--- Task requirements ---
Print the lines that run from the line with "genghis khan holds" to the line with "картинка Врезная мебельная", keeping both end lines, exactly as they appear in the entries below, and nothing else.

--- Exercise materials ---
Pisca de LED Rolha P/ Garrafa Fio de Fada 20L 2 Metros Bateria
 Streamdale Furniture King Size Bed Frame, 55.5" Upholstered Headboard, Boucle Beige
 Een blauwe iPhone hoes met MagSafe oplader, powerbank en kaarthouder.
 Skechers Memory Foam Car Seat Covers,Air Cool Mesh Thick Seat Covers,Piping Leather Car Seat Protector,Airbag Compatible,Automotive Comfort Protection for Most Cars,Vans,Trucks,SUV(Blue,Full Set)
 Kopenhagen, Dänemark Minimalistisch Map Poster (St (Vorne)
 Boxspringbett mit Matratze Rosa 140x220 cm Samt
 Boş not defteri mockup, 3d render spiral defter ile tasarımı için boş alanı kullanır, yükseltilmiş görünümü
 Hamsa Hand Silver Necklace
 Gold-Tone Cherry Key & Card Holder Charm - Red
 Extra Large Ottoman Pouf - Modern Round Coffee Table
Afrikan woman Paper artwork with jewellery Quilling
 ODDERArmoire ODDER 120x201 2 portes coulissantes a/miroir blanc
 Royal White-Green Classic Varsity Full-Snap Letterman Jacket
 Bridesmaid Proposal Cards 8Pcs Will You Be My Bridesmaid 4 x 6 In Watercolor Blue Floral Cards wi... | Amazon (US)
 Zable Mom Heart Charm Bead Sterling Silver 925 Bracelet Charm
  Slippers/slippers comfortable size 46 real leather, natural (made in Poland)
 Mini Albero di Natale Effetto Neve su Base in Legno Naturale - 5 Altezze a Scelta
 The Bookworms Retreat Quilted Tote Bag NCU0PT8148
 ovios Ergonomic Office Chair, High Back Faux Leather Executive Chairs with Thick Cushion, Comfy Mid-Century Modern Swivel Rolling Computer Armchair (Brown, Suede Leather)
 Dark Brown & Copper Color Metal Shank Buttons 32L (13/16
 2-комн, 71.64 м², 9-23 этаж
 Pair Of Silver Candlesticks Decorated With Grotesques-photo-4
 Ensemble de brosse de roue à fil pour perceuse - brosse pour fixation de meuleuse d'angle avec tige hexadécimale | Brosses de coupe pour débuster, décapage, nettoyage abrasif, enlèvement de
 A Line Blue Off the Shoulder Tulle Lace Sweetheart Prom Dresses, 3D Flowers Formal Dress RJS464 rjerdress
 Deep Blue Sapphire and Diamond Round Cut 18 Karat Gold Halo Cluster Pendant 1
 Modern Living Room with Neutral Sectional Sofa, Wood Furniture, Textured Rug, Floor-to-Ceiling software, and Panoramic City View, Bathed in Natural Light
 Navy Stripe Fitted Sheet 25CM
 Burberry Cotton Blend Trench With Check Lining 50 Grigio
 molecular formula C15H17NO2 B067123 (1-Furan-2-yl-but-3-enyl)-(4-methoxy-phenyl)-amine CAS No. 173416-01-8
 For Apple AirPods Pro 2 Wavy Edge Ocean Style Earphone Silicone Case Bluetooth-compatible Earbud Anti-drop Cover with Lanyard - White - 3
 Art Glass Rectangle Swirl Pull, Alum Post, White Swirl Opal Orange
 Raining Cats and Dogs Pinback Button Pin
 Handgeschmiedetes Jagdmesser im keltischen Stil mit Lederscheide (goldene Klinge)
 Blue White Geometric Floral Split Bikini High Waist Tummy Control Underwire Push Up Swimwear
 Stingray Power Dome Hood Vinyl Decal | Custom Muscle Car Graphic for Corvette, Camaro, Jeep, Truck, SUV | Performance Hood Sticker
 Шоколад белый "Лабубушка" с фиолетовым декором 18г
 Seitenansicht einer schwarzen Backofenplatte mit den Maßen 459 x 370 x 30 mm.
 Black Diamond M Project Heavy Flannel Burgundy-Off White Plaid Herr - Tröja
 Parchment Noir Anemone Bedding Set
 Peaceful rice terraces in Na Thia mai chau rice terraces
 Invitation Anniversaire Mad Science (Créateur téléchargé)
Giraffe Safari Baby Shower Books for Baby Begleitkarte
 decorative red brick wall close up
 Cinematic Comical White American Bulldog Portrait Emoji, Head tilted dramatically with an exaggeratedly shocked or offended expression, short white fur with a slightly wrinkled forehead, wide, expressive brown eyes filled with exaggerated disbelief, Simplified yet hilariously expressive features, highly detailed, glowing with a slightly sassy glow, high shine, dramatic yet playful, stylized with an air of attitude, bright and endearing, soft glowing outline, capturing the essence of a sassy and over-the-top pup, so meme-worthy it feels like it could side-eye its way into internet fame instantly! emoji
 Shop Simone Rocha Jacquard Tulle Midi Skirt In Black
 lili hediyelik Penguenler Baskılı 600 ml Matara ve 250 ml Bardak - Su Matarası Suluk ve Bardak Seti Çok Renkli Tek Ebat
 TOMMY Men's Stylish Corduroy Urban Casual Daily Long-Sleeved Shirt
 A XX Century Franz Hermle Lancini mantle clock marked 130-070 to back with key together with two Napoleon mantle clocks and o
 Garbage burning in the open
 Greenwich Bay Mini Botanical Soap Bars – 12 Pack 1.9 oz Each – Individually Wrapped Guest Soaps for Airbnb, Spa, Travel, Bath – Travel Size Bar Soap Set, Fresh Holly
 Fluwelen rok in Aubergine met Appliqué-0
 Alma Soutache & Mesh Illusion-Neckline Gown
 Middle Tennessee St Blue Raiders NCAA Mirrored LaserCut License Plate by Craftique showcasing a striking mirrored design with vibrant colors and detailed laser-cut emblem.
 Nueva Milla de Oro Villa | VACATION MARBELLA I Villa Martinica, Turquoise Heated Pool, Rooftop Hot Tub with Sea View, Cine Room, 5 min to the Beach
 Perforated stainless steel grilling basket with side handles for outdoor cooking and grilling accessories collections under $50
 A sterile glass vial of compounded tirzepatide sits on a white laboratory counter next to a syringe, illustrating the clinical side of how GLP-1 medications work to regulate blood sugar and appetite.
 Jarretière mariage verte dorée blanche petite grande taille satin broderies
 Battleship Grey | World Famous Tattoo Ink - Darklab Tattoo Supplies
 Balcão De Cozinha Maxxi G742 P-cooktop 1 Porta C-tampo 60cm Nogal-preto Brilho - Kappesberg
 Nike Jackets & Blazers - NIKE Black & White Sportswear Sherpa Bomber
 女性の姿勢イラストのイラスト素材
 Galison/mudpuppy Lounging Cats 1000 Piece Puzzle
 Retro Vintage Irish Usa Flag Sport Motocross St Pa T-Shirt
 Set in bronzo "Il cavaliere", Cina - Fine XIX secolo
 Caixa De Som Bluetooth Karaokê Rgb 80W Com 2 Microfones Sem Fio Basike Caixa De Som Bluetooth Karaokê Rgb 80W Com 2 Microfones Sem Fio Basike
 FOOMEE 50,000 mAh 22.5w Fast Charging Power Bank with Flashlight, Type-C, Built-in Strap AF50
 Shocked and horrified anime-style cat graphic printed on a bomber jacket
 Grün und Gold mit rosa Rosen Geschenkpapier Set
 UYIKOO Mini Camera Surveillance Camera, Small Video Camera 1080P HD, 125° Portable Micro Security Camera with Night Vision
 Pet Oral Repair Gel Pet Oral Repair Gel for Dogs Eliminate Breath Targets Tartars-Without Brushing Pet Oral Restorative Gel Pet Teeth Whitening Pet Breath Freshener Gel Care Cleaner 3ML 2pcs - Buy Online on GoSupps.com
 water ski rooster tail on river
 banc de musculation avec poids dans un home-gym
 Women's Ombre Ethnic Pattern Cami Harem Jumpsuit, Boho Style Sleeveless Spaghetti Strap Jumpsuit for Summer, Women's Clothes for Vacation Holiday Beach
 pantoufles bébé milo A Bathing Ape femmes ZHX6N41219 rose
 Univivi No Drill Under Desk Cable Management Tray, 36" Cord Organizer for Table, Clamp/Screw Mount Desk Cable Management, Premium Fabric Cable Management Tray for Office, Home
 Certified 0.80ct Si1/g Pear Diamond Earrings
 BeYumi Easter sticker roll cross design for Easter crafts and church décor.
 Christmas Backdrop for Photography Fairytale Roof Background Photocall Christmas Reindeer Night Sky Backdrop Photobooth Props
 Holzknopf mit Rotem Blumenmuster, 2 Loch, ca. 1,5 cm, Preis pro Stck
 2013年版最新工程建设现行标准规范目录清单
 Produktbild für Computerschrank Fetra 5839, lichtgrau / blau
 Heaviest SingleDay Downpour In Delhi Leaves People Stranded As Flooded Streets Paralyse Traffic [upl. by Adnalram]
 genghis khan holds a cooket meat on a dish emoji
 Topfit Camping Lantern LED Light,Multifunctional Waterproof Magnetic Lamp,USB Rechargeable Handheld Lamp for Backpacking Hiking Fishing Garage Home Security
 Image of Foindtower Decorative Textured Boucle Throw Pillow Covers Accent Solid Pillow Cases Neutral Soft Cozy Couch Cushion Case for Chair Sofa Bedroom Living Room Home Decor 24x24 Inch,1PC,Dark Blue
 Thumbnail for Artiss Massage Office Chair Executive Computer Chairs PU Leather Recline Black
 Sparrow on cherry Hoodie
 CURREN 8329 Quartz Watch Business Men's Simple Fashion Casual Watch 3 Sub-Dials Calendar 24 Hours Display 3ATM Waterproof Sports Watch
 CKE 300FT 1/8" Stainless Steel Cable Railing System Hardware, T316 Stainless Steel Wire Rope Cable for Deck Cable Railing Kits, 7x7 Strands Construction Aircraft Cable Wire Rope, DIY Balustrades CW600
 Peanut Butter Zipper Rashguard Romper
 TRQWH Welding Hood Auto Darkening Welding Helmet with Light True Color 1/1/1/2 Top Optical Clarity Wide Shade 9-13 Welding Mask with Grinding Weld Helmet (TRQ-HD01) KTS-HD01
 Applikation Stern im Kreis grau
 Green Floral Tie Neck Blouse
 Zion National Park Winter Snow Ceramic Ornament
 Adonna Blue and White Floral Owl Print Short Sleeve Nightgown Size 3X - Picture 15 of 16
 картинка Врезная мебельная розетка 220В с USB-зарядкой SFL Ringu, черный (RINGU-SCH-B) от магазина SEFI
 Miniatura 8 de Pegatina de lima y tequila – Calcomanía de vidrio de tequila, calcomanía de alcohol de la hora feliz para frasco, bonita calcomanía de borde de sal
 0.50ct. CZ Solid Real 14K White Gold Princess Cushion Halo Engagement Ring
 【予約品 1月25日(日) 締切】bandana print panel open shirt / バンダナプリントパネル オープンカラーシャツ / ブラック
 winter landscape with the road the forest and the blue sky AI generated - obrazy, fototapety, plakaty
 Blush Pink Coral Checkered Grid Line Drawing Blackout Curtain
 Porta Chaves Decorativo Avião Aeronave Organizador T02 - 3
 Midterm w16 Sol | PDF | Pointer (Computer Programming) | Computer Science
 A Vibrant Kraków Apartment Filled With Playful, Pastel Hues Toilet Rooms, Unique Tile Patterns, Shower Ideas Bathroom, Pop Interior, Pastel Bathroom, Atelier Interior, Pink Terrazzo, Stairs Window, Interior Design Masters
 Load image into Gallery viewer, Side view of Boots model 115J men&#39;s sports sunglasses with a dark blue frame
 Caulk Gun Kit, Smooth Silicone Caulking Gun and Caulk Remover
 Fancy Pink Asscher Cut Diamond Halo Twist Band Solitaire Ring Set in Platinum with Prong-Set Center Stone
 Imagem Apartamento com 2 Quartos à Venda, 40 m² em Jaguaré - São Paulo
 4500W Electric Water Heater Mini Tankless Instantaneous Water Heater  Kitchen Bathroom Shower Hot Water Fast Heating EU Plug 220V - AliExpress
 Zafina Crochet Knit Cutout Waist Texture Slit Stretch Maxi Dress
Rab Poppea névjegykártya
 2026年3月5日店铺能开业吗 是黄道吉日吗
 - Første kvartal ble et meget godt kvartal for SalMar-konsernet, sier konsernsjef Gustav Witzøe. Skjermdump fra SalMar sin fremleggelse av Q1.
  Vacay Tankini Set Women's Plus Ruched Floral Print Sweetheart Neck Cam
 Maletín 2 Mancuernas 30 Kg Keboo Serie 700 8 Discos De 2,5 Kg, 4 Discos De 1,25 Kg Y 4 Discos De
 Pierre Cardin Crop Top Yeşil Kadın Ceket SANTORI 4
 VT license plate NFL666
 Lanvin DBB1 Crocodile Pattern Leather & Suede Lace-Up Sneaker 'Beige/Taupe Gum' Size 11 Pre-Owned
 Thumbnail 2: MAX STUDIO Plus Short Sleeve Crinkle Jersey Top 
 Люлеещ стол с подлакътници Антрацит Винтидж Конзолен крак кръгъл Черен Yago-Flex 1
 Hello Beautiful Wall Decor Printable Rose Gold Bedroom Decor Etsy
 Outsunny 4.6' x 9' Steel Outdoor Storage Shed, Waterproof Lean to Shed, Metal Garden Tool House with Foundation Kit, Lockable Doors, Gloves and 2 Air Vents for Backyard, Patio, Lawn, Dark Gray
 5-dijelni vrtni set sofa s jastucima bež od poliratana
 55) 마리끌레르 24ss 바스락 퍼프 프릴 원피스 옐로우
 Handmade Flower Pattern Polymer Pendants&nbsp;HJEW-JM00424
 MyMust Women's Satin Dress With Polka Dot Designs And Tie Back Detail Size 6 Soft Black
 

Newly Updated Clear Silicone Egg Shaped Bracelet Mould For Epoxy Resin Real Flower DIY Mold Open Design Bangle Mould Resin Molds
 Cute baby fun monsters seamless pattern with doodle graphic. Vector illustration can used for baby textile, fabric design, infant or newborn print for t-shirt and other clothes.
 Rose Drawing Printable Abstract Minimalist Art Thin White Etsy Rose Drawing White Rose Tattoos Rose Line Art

--- Your solution ---
 genghis khan holds a cooket meat on a dish emoji
 Topfit Camping Lantern LED Light,Multifunctional Waterproof Magnetic Lamp,USB Rechargeable Handheld Lamp for Backpacking Hiking Fishing Garage Home Security
 Image of Foindtower Decorative Textured Boucle Throw Pillow Covers Accent Solid Pillow Cases Neutral Soft Cozy Couch Cushion Case for Chair Sofa Bedroom Living Room Home Decor 24x24 Inch,1PC,Dark Blue
 Thumbnail for Artiss Massage Office Chair Executive Computer Chairs PU Leather Recline Black
 Sparrow on cherry Hoodie
 CURREN 8329 Quartz Watch Business Men's Simple Fashion Casual Watch 3 Sub-Dials Calendar 24 Hours Display 3ATM Waterproof Sports Watch
 CKE 300FT 1/8" Stainless Steel Cable Railing System Hardware, T316 Stainless Steel Wire Rope Cable for Deck Cable Railing Kits, 7x7 Strands Construction Aircraft Cable Wire Rope, DIY Balustrades CW600
 Peanut Butter Zipper Rashguard Romper
 TRQWH Welding Hood Auto Darkening Welding Helmet with Light True Color 1/1/1/2 Top Optical Clarity Wide Shade 9-13 Welding Mask with Grinding Weld Helmet (TRQ-HD01) KTS-HD01
 Applikation Stern im Kreis grau
 Green Floral Tie Neck Blouse
 Zion National Park Winter Snow Ceramic Ornament
 Adonna Blue and White Floral Owl Print Short Sleeve Nightgown Size 3X - Picture 15 of 16
 картинка Врезная мебельная розетка 220В с USB-зарядкой SFL Ringu, черный (RINGU-SCH-B) от магазина SEFI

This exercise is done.